# What is NLP?

NLP = Teaching computers to understand and work with human language (like English, Hindi, etc).


### Why is it needed?
Because computers don’t understand human language naturally. They understand 0s and 1s — so we use NLP to help them make sense of our messy, emotional, and context-heavy language.

<hr>

### 1. Text Preprocessing in NLP

Text data is messy. Before you can train a model, you must clean and standardize it.
Let’s go through all the common preprocessing steps:

In [1]:
import nltk
nltk.download('punkt')
nltk.download('punkt_tab')
nltk.download('wordnet')
nltk.download('omw-1.4')
nltk.download('stopwords')

[nltk_data] Downloading package punkt to
[nltk_data]     /Users/abdullahshaikh/nltk_data...
[nltk_data]   Package punkt is already up-to-date!
[nltk_data] Downloading package punkt_tab to
[nltk_data]     /Users/abdullahshaikh/nltk_data...
[nltk_data]   Package punkt_tab is already up-to-date!
[nltk_data] Downloading package wordnet to
[nltk_data]     /Users/abdullahshaikh/nltk_data...
[nltk_data]   Package wordnet is already up-to-date!
[nltk_data] Downloading package omw-1.4 to
[nltk_data]     /Users/abdullahshaikh/nltk_data...
[nltk_data]   Package omw-1.4 is already up-to-date!
[nltk_data] Downloading package stopwords to
[nltk_data]     /Users/abdullahshaikh/nltk_data...
[nltk_data]   Package stopwords is already up-to-date!


True

## Tokenization

### 👉 What is it?
Breaking a sentence into smaller parts (words or sentences).
These parts are called tokens.

Example:

"I love machine learning"

After word tokenization →

`["I", "love", "machine", "learning"]`

In [2]:
### paragraph ---> Sentence

from nltk.tokenize import sent_tokenize

corpus = """Hello Abdullah this side. Hope you're doing
good and in pink of health.
"""

sent_tokenize(corpus) # works only on punctuation

['Hello Abdullah this side.', "Hope you're doing\ngood and in pink of health."]

In [3]:
### paragraph ---> words
from nltk.tokenize import word_tokenize

word_tokenize(corpus)

['Hello',
 'Abdullah',
 'this',
 'side',
 '.',
 'Hope',
 'you',
 "'re",
 'doing',
 'good',
 'and',
 'in',
 'pink',
 'of',
 'health',
 '.']

In [4]:
from nltk.tokenize import wordpunct_tokenize

wordpunct_tokenize(corpus)

['Hello',
 'Abdullah',
 'this',
 'side',
 '.',
 'Hope',
 'you',
 "'",
 're',
 'doing',
 'good',
 'and',
 'in',
 'pink',
 'of',
 'health',
 '.']

### Step 2: Stopword Removal

#### What are stopwords?
Stopwords are common words in a language that don’t add much meaning for analysis.

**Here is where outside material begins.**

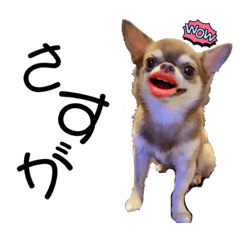 [LINEスタンプ] めろりんこ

Examples of stopwords in English:

`[is, the, a, an, and, I, you, of, to, in]`

In [5]:
from nltk.corpus import stopwords
from nltk.tokenize import word_tokenize

text = "I am learning natural language processing"
words = word_tokenize(text)

filtered = [w for w in words if w.lower() not in stopwords.words('english')]
print(filtered)

['learning', 'natural', 'language', 'processing']


<hr>

## Stemming and Lemmatization

Both are used to reduce a word to its root form, but they do it differently.

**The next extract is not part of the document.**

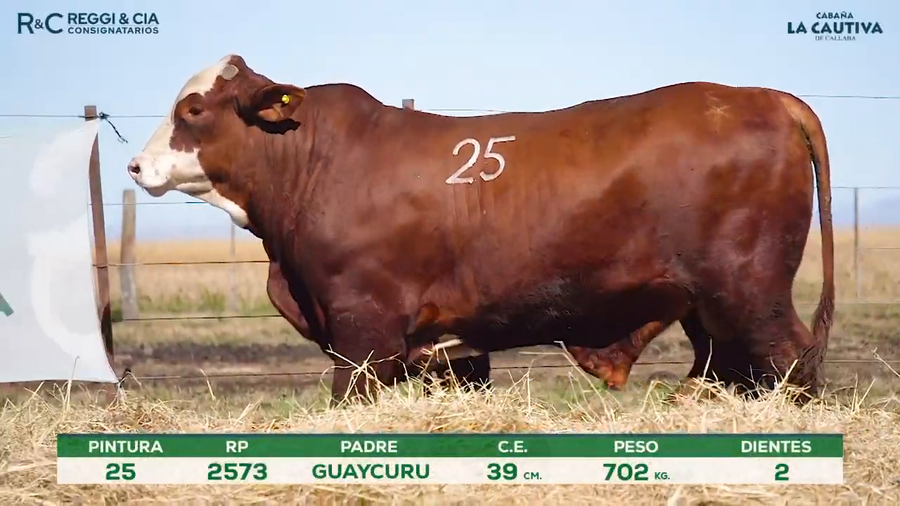 Lote Toros Braford controlados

### Stemming – (Rough Cut ✂️)
Reduce a word to its <b>base/root</b> by chopping off suffixes, regardless of whether it becomes a meaningful word or not..

Example:

`"playing", "played", "plays" → "play"`



`"studies", "studying" → "studi"`


Common Stemmers in Python:

- PorterStemmer – basic and common

- LancasterStemmer – more aggressive

- SnowballStemmer – smarter than Porter

In [14]:
from nltk.stem import PorterStemmer

stemmer = PorterStemmer()
words = ["playing", "flies", "happiness", "maximum", "emotion", "studies", "crying", "nationalism"]

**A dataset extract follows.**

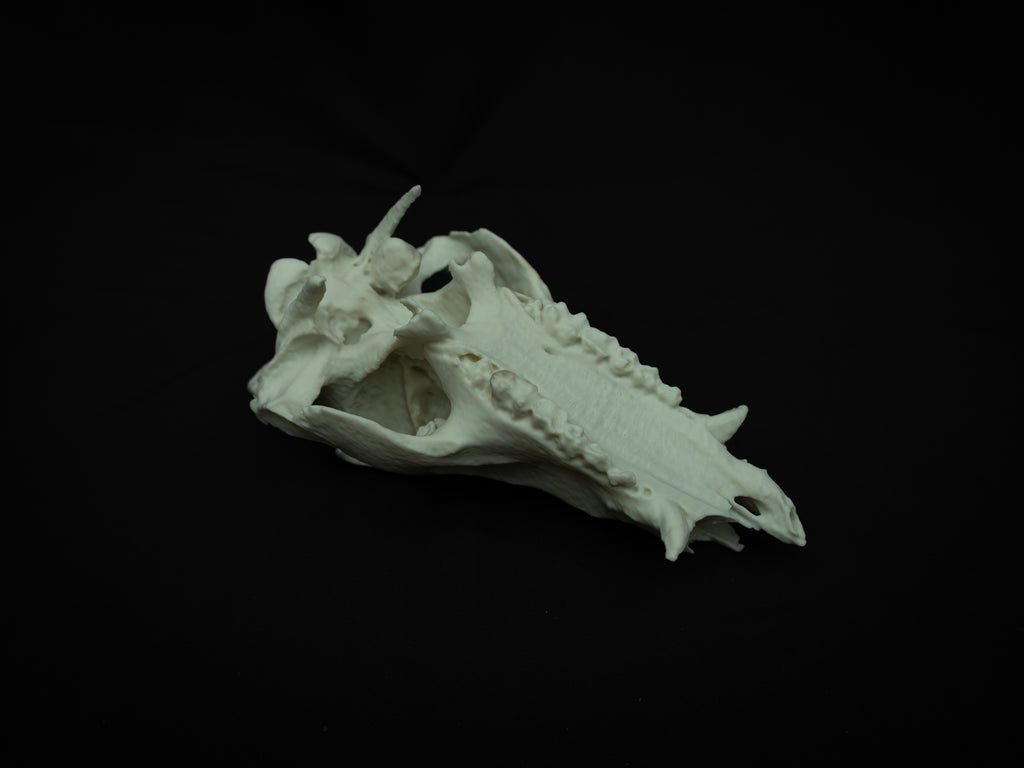 Life Size Boar Skull Replica – Realistic 3D Printed Bone Model Display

print("PorterStemmer Results:")
for word in words:
    print(f"{word} → {stemmer.stem(word)}")


PorterStemmer Results:
playing → play
flies → fli
happiness → happi
maximum → maximum
emotion → emot
studies → studi
crying → cri
nationalism → nation


In [15]:
from nltk.stem import LancasterStemmer

stemmer = LancasterStemmer()
words = ["playing", "flies", "happiness", "maximum", "emotion", "studies", "crying", "nationalism"]

print("LancasterStemmer Results:")
for word in words:
    print(f"{word} → {stemmer.stem(word)}")

LancasterStemmer Results:
playing → play
flies → fli
happiness → happy
maximum → maxim
emotion → emot
studies → study
crying → cry
nationalism → nat


In [13]:
from nltk.stem import SnowballStemmer
stemmer = SnowballStemmer("english")

print(stemmer.stem("playing"))       # play
print(stemmer.stem("flies"))         # fli
print(stemmer.stem("universities"))  # univers
print(stemmer.stem("studying"))      # studi

play
fli
univers
studi


In [16]:
from nltk.stem import SnowballStemmer

stemmer = SnowballStemmer("english")
words = ["playing", "flies", "happiness", "maximum", "emotion", "studies", "crying", "nationalism"]

print("SnowballStemmer Results:")
for word in words:
    print(f"{word} → {stemmer.stem(word)}")


SnowballStemmer Results:
playing → play
flies → fli
happiness → happi
maximum → maximum
emotion → emot
studies → studi
crying → cri
nationalism → nation


## What is Lemmatization?

Lemmatization is the process of converting a word to its dictionary <b>base form (called the lemma) using grammar rules and context.</b>

Real-Life Example:

Original sentence:

`"The children were playing and studies were ongoing."`

With stemming:

`["The", "children", "were", "play", "and", "studi", "were", "ongo"]`

With lemmatization:

`["The", "child", "be", "play", "and", "study", "be", "ongoing"]`

Much cleaner and meaningful, right?

In [17]:
words = ['studies', "children", "were", "playing", "and", "studies", "were", "ongoing"]

from nltk.stem import WordNetLemmatizer

lemmatizer = WordNetLemmatizer()
for word in words:
    print(f"{word} → {lemmatizer.lemmatize(word)}")

The → The
children → child
were → were
playing → playing
and → and
studies → study
were → were
ongoing → ongoing


In [18]:
# POS - Part Of Speech

print(lemmatizer.lemmatize("running", pos="v"))  # Output: "run" (verb)
print(lemmatizer.lemmatize("better", pos="a")) # adverb

run
good